» COLLECTED DATA

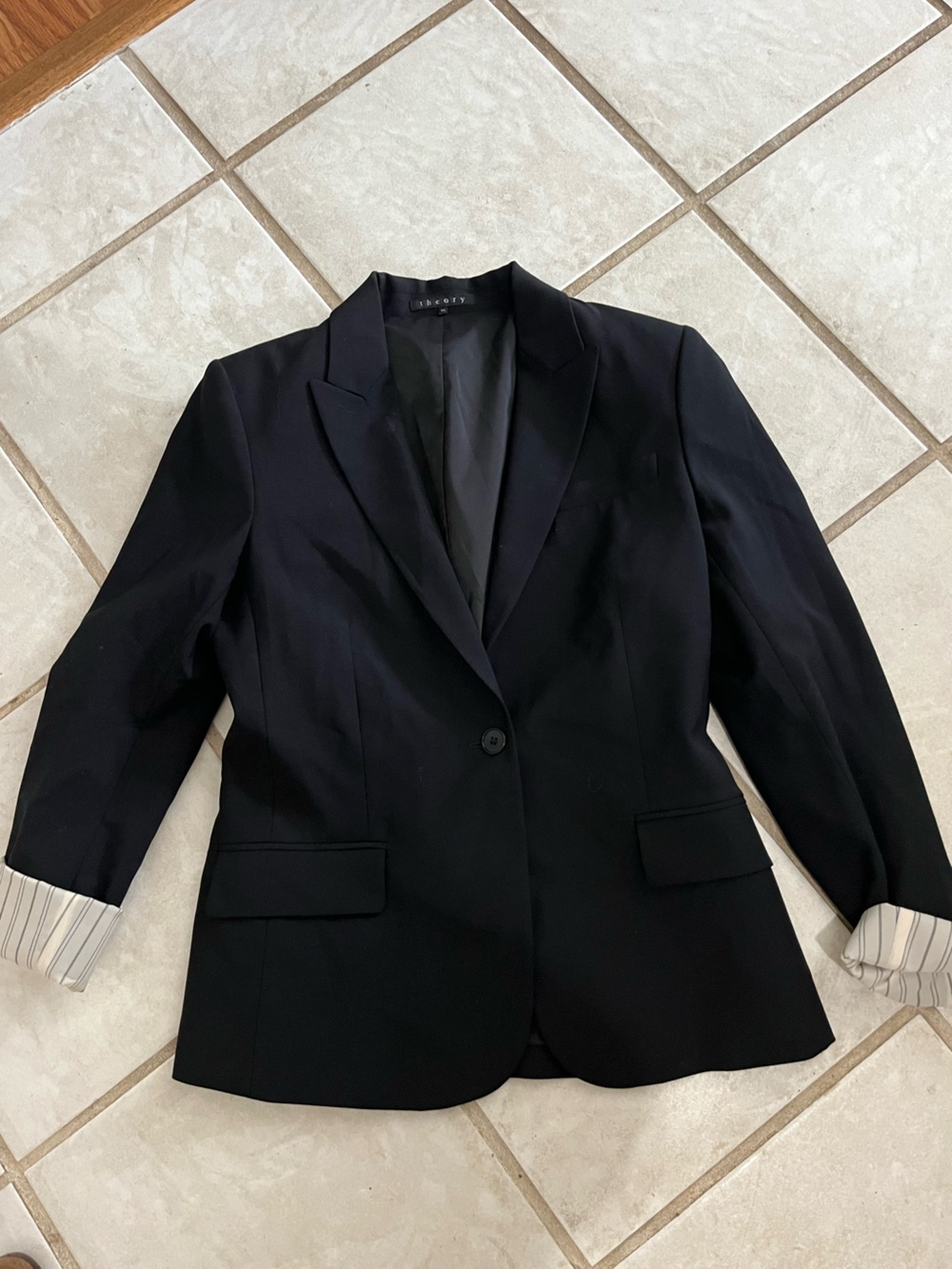 Theory Black Women's Blazer Jacket size 10 lined cuff career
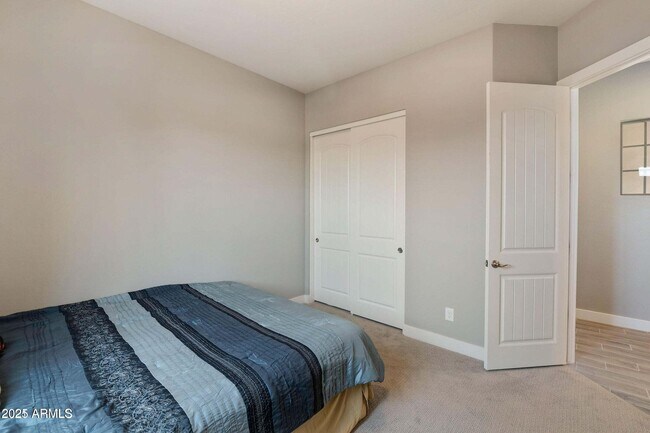 Building Photo - 3862 E Bart St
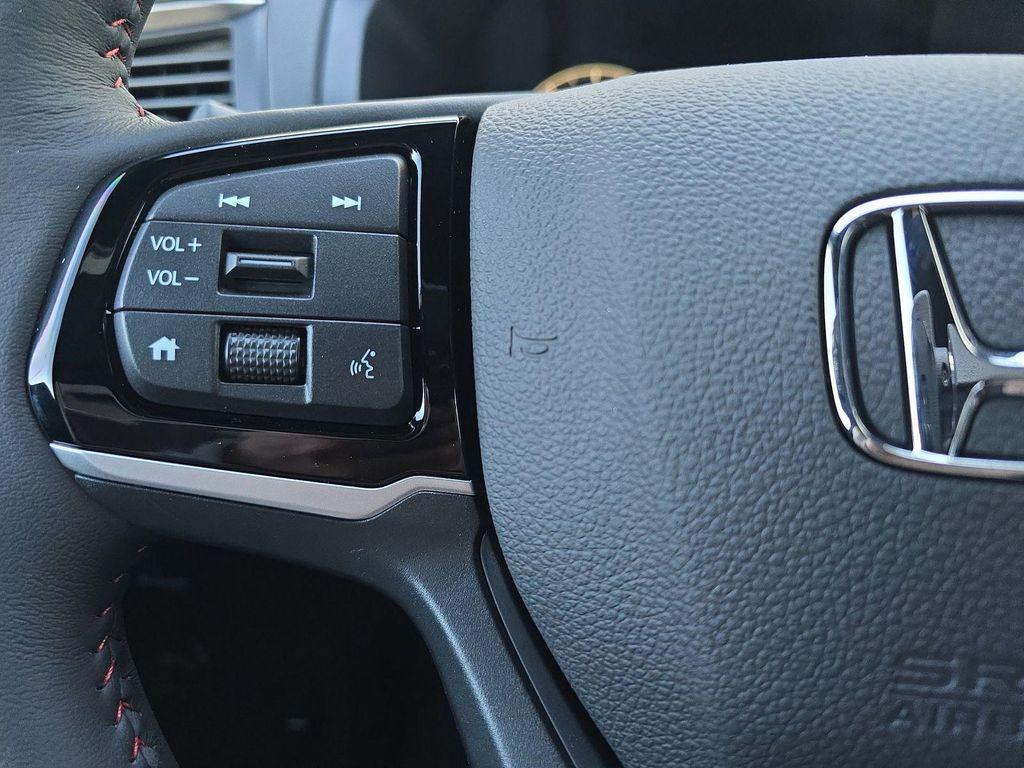 new 2026 Honda Odyssey car, priced at $45,755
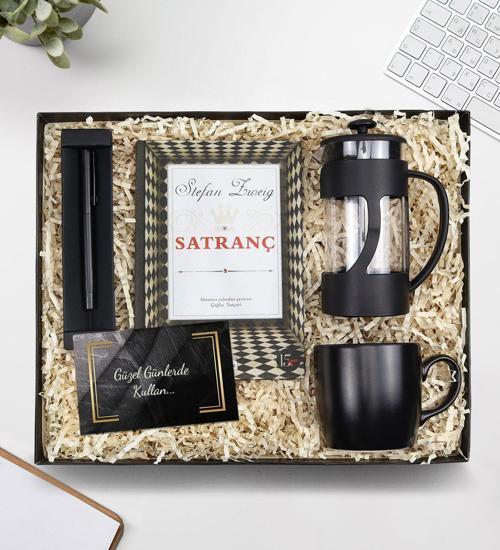 Mat Roller Kalem & Siyah Kupa & Siyah French Press & Satranç Kitap Hediye Seti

» WHAT NEEDS TO BE DONE
From the first line to the last, retype the data above exactly, but not its images.

» ANSWER
 Theory Black Women's Blazer Jacket size 10 lined cuff career
 Building Photo - 3862 E Bart St
 new 2026 Honda Odyssey car, priced at $45,755
 Mat Roller Kalem & Siyah Kupa & Siyah French Press & Satranç Kitap Hediye Seti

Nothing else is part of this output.